→ Your goal:
All lines from the one containing "В разборе Honda Insight" through the end of the material are to be given back exactly, without pictures.

→ Records supplied:
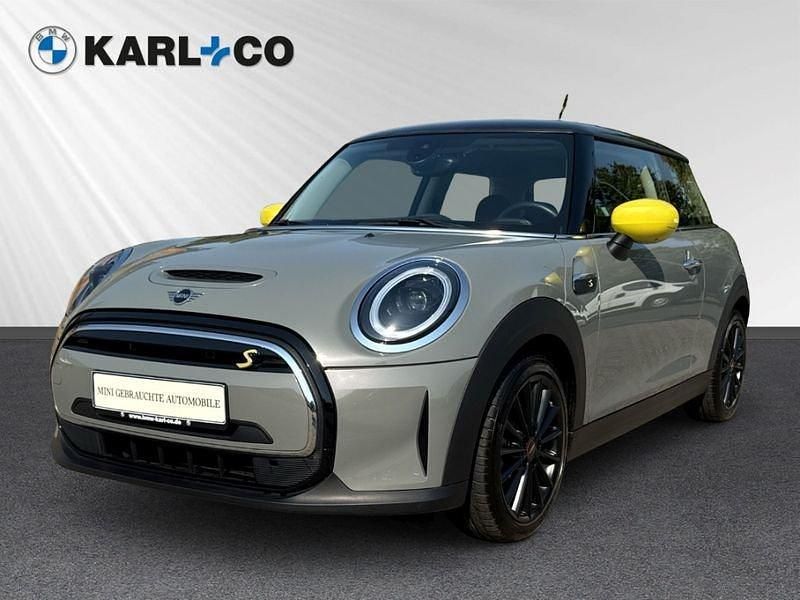 Metallic) (grau Gebraucht 2022 Mini Cooper SE Essential Kleinwagen | 18.490 € (Fairer Preis) - Bild 1/4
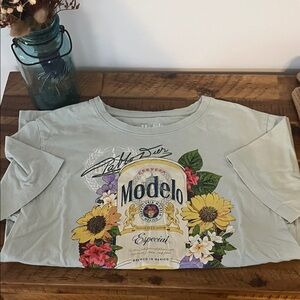 ModelCo Women's Graphic Tee - light green/blue with Floral Design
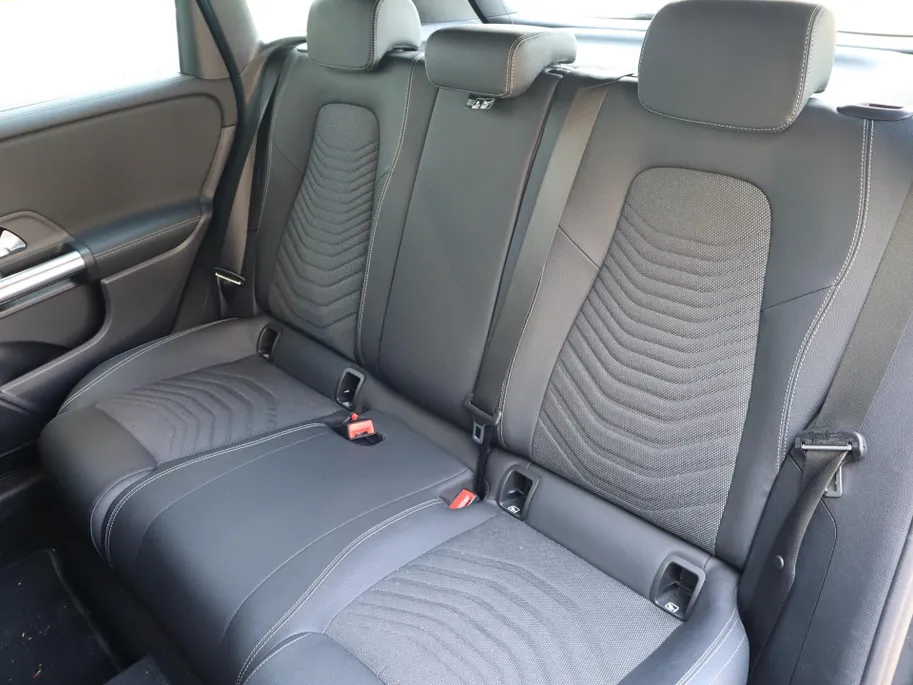 Mercedes-Benz B-Klasse 250 e Business Solution Luxury Line l Trekhaak l Stoelverwarming l Achteruitrij camera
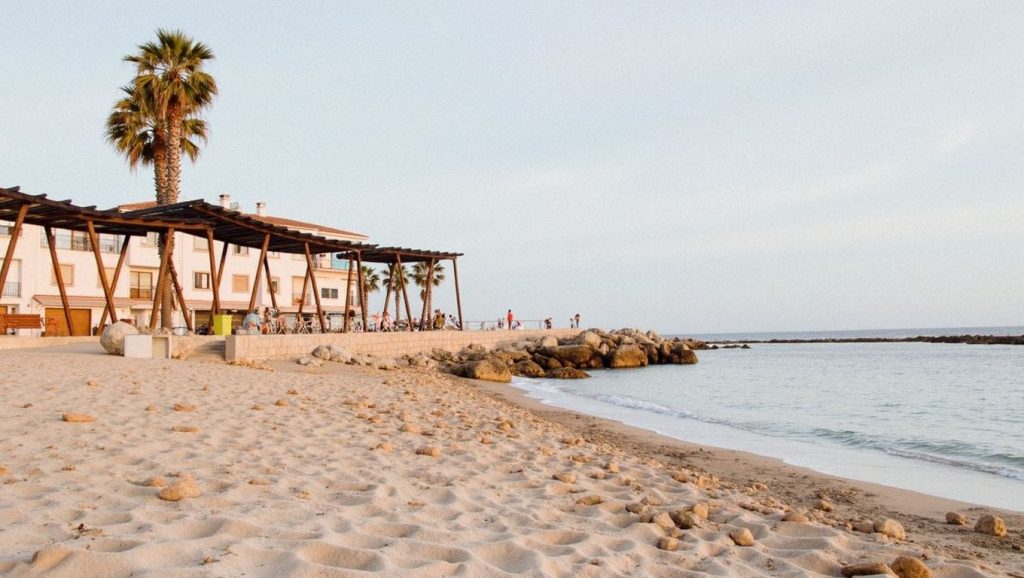 Arena y mar en Platja des molinar, Palma, Mallorca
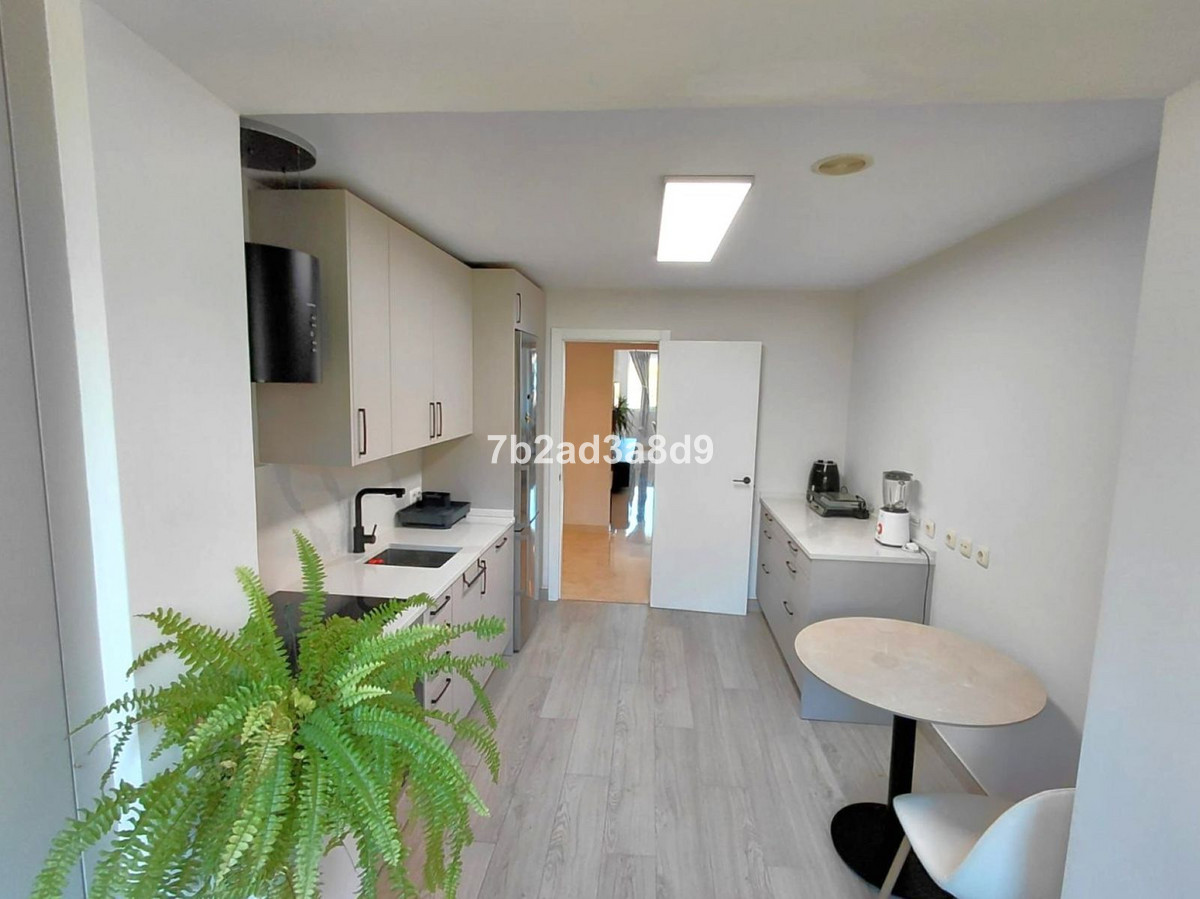 Se vende Apartamento Planta Media de 2 dormitorios en Costa Del Sol, Málaga, España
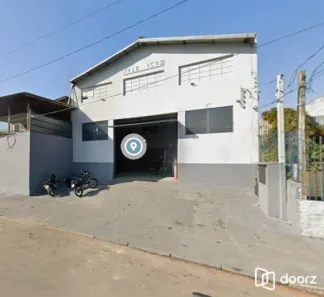 Galpão/Depósito/Armazém com 3 Quartos à venda, 333m² no Medianeira, Porto Alegre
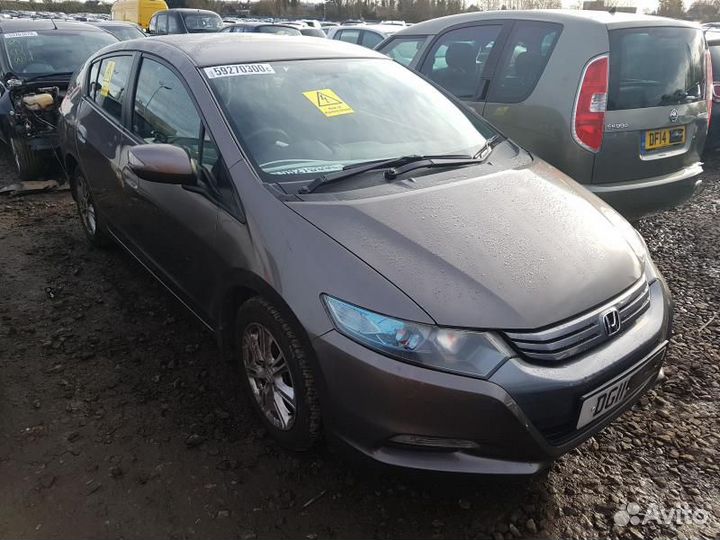 В разборе Honda Insight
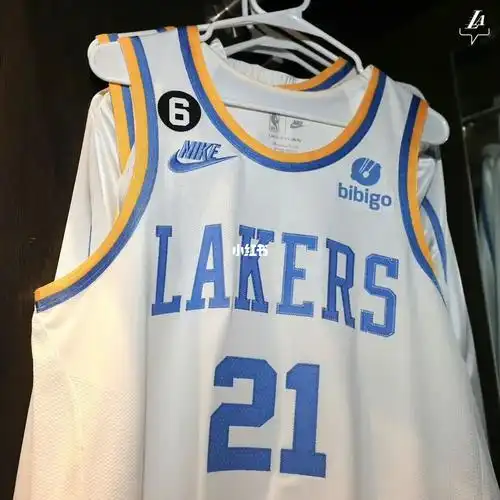 湖人75周年复古球衣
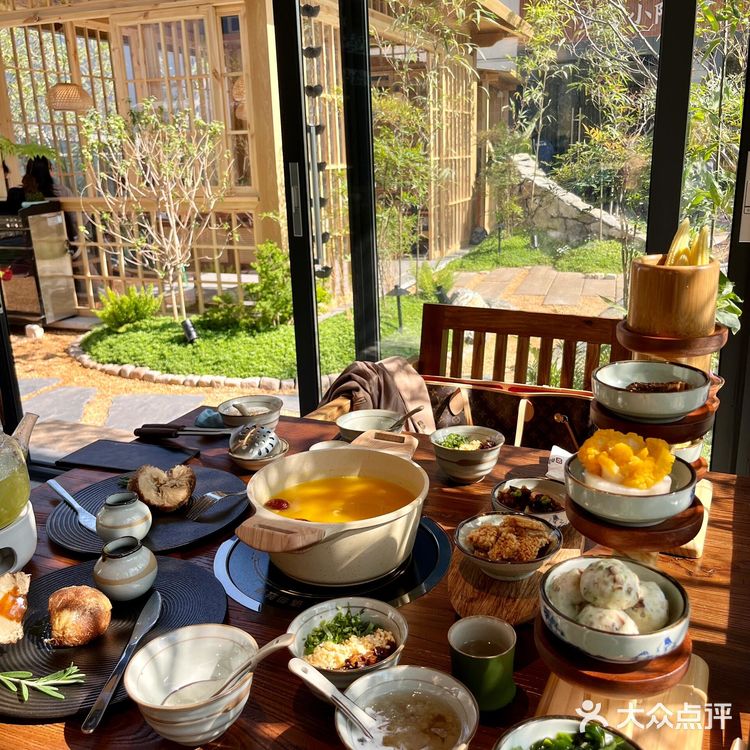 南村万博惊现！藏于云端竹林的素食桃源
 
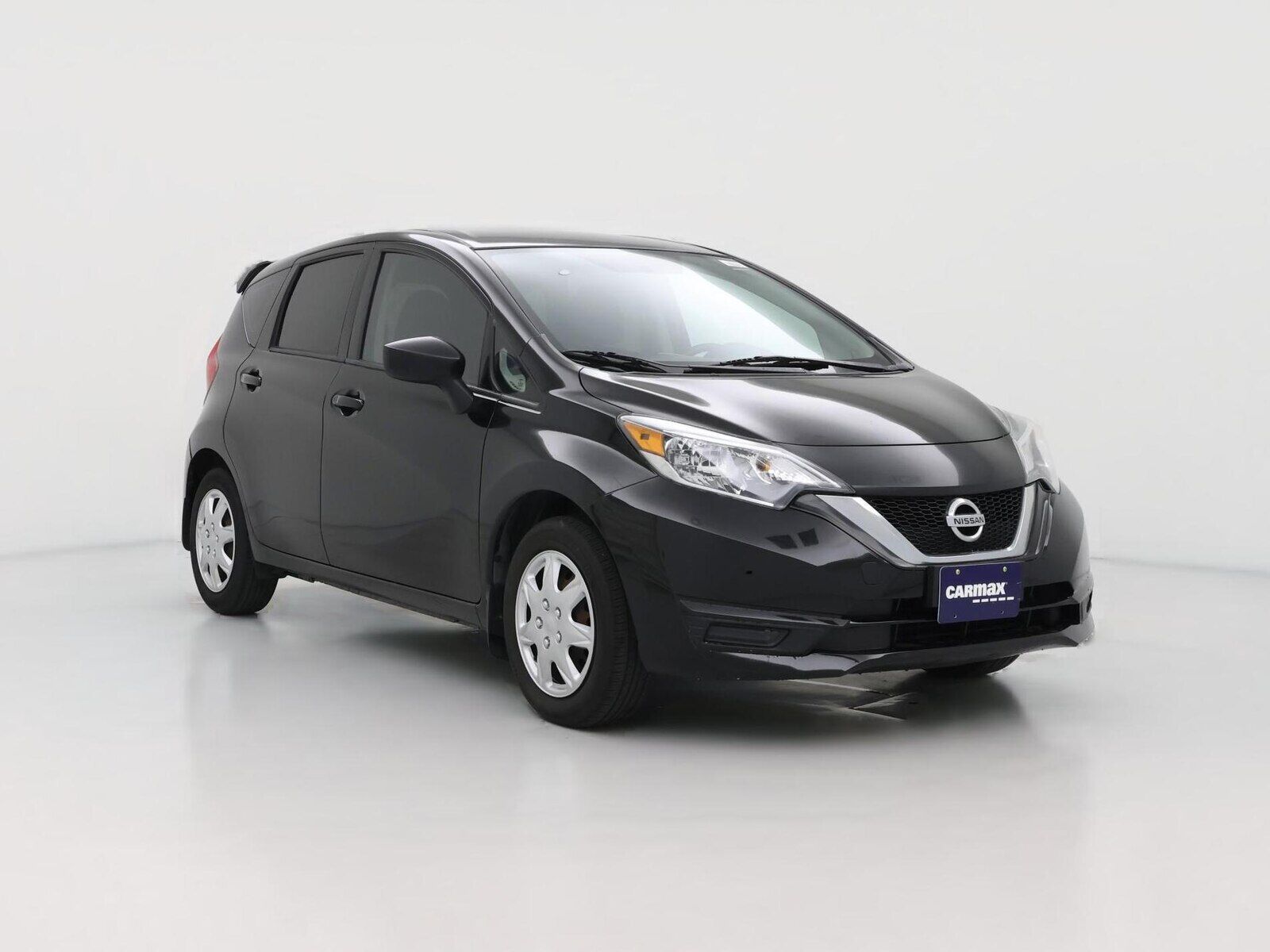 2017 NISSAN Versa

→ Your solution:
 В разборе Honda Insight
 湖人75周年复古球衣
 南村万博惊现！藏于云端竹林的素食桃源
 
 2017 NISSAN Versa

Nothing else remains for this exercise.